In miRDeep2, there were no consistent, unified names for novel precursors and their mature miRNAs in all libraries (i.e., the same novel precursor might have different names in different libraries). This makes it difficult for users to perform downstream differential analysis. In contrast, in mirPRo, we unified the names of both novel precursor and their mature miRNAs across all libraries by the following criteria: (1) novel precursors with the same genomic coordinates in different libraries are considered the same novel precursors, and their names include a unique identifier “XXX-novel-mir-YYY” (“XXX” represents the species name and “YYY” is a unique number). In the FASTA output of novel precursors, there is a description field that defines their genome locations (chromosome, strand, start and end position) (see Supplementary Data 1–3); (2) novel mature miRNAs with the same precursors and identical sequences across different libraries are considered to be the same mature miRNAs, and their names include a unique identifier “XXX-novel-miR-YYY” (“XXX” represents the species name and “YYY” is the same number as its precursor). In the FASTA output of novel mature miRNAs, there is a description field that contains the name of a known mature miRNAs from the reference species, whose seed region is the exact same as the reported novel miRNA (see Supplementary Data 4–6). mirPRo provides novel pre-miRNA sequences in DBN53 format in order to display their secondary structures (see Supplementary Data 7–9), which are not available in miRDeep2.
IsomiRs are mainly generated due to imprecise cleavage of pre-miRNAs, RNA editing and non-templated nucleotide additions at 3′ end of miRNAs1,15,18. IsomiRs account for a large percentage of total mature miRNAs in cells and are reported to be functionally relevant along with canonical miRNAs56. As another form of miRNA variation, “arm switching” in miRNA biogenesis is related with differential miRNA target interaction in gene expression regulation3,57,58,59.
Different from miRDeep2, mirPRo allows close examination of miRNA variations, including isomiRs and “arm switching” (see Fig. 1). The improvements in adapter trimming, read mapping and mature miRNA quantification approaches in mirPRo allow for more reads mapped to pre-miRNAs (hairpins) than miRDeep2, because mirPRo tolerates error bases (mismatch and indel) in adapter trimming and permits error bases and soft clips in read mapping.
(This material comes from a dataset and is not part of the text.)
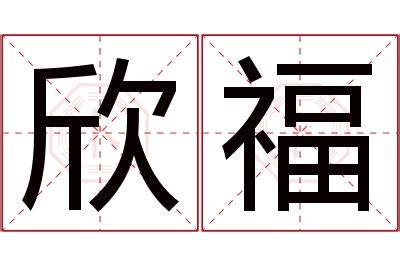 欣妤 名字 意思|欣妤的含义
Our comparative data analysis suggests that a significant portion of final clean reads showing miRNA variations were ignored by miRDeep2, because it does not allow indels or soft clips in mapping.
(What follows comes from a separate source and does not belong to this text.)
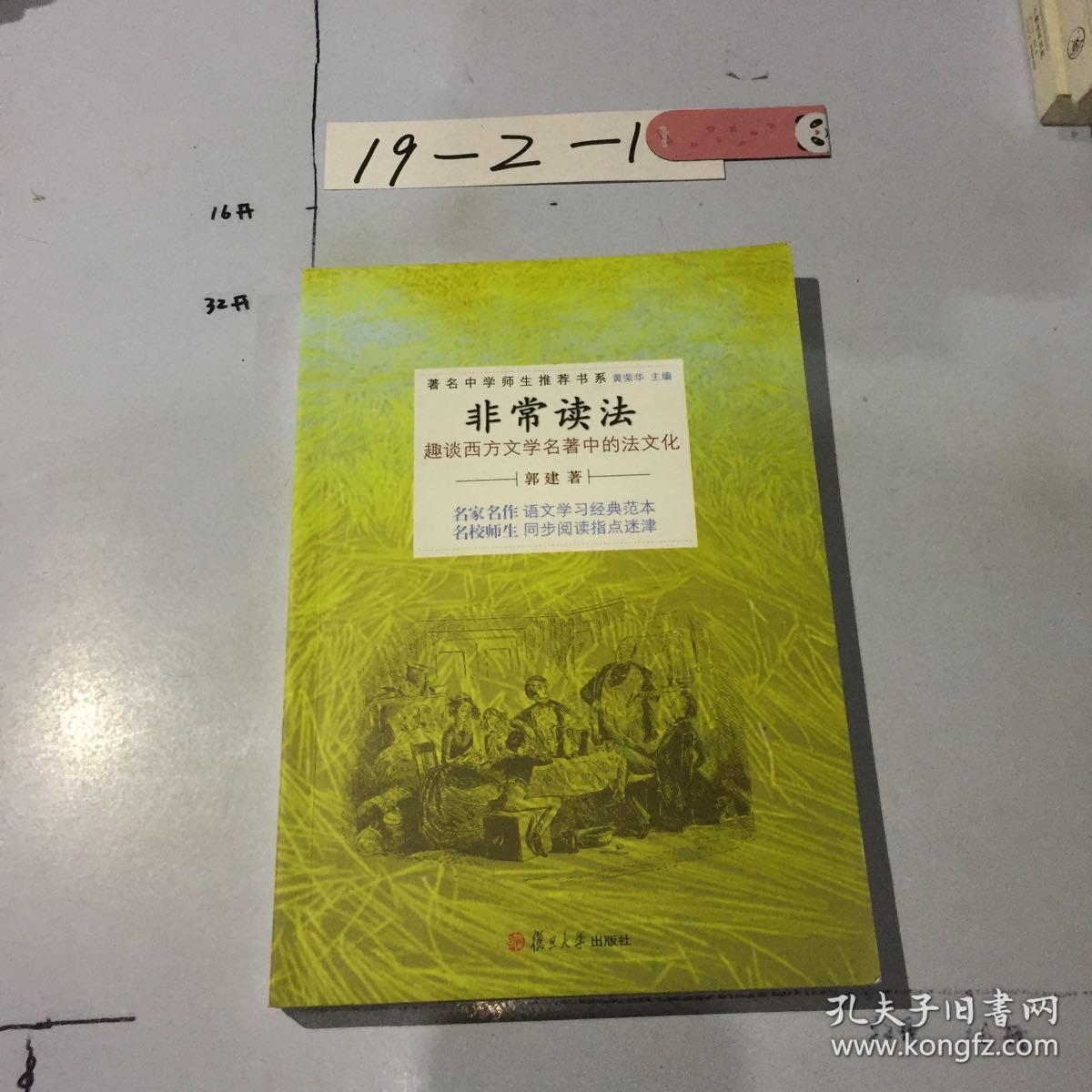 非常读法:趣谈西方文学名著中的法文化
We have found a large percent (60.21% mouse, 52.07% human and 58.83% chicken) of the mature miRNA reads different from their canonical mature miRNAs in alignments. Most of the differences are presented as nucleotide shifts in the 3′ end, which might be caused by imprecise precursor terminal cutting by enzymes in miRNA biogenesis18. Previous studies have shown that some mature miRNAs have A (adenine) to I (inosine) modification in the internal sequence due to RNA editing, which presents mainly as A to G mismatch in mapping52. We found that in all mature miRNA reads with mismatches in mappings, a large percent (5.67% mouse, 13.17% human and 27.08% chicken) had purely A to G mismatches, consistent with previous studies. We detected the non-templated nucleotide addition in the 3′ end of mature miRNA reads such as adenine/uracil nucleotides or their homopolymer tails, consistent with the previous findings60. Interestingly, we also detected lots of sequence patterns of 3′-end non-templated nucleotide additions other than poly(A)/(U) tails, and they are clearly not adapter remnants. On the other hand, we found some reads that have 5′-end soft clips in mapping. However, these reads were filtered out in our data analyses after seed region check. These reads might be the results of potential 5′-end non-templated nucleotide addition or sequencing errors, and are worthy of further evaluation in the future. Moreover, mirPRo can detect the potential “arm switching” cases and allow users to further study the mature miRNAs with “arm switching” under different treatments. These functions can clearly deepen our understanding of miRNA variations and their relevant regulatory mechanisms.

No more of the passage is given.